A widely-shared social media post has made the false claim that COVID-19 is a blood clotting condition caused by bacteria.

Reuters Fact Check. REUTERS/Axel Schmidt

The post, examples of which can be seen (here) and (here) , states: “Italy defeats the so-called Covid-19, which is nothing but ‘diffuse intravascular coagulation’ (thrombosis). Italian doctors have disobeyed the WHO law prohibiting the autopsy of corpses from the coronavirus, as they have discovered that it is not a virus but the bacteria that cause death and the formation of blood clots.”

It goes on to claim that COVID-19 should be treated with “antibiotics, anti-inflammatory, and anticoagulants”. Beyond these primary claims, there are other statements in the post which are out of scope of this fact check.

Claim: COVID-19 is thrombosis and is caused by bacteria

This claim is incorrect. The disease COVID-19 has been proven to be caused by the virus SARS-CoV-2, not by bacteria. ( (here)

Disseminated intravascular coagulation (DIC) is a condition that causes blood clotting, or thrombosis, in patients (here). While studies have found patients with severe COVID-19 symptoms can present with coagulation abnormalities, this does not mean that COVID-19 has been misdiagnosed or incorrectly treated.(here)

The British Medical Journal (BMJ) states that doctors are seeing high rates of blood clots in patients who are seriously ill with COVID-19. It explains that “a covid patient’s blood is enormously sticky” because the disease has increased the liver’s production of clotting factors (here).

Claim: COVID-19 should be treated with antibiotics, anti-inflammatory, and anticoagulants

A study in the Journal of the American College of Cardiology found that that systemic anticoagulants “may be associated with improved outcomes among patients hospitalized with COVID-19", but that any potential benefits must be weighed against the risk of bleeding (here).
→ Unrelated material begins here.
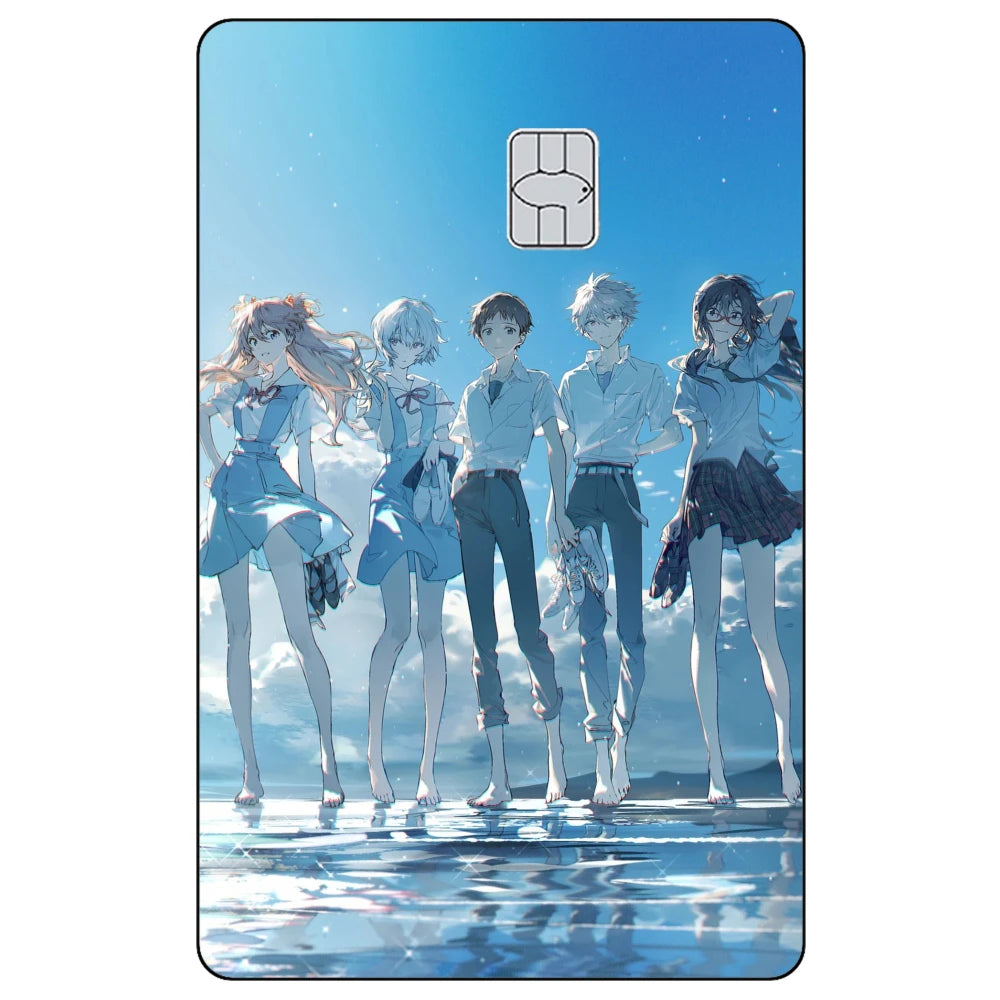 Matte Anime Card Skin Sticker for Credit and Debit Cards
Anti-inflammatories like ibuprofen can help treat symptoms of COVID-19 like a high temperature. However, the NHS recommends trying paracetamol first, as it has fewer side effects than ibuprofen and is the safer choice for most people (here).

Antibiotics, however, only work against bacteria. The World Health Organisation (WHO) explains that antibiotics “should not be used as a means of prevention or treatment” of COVID-19 because it is caused by a virus (here).

The UK's National Institute for Health and Care Excellence (NICE), which provides national health guidance, states in guidelines published on May 1, 2020: "Because COVID‑19 pneumonia is caused by a virus, antibiotics are ineffective unless there is a bacterial co-infection." The guidelines add: "Evidence so far suggests that bacterial co-infection occurs in less than about 10% of patients with COVID‑19. But patients in critical care have an increased likelihood of bacterial infection compared with patients in other hospital wards or settings." (here)


Partly False. COVID-19 is not the same as thrombosis. It is caused by a virus not bacteria. The symptoms of COVID-19 can be treated with anticoagulants and anti-inflammatories, but antibiotics are not effective against the viral infection, and are only recommended for COVID-19 patients who also have a bacterial infection.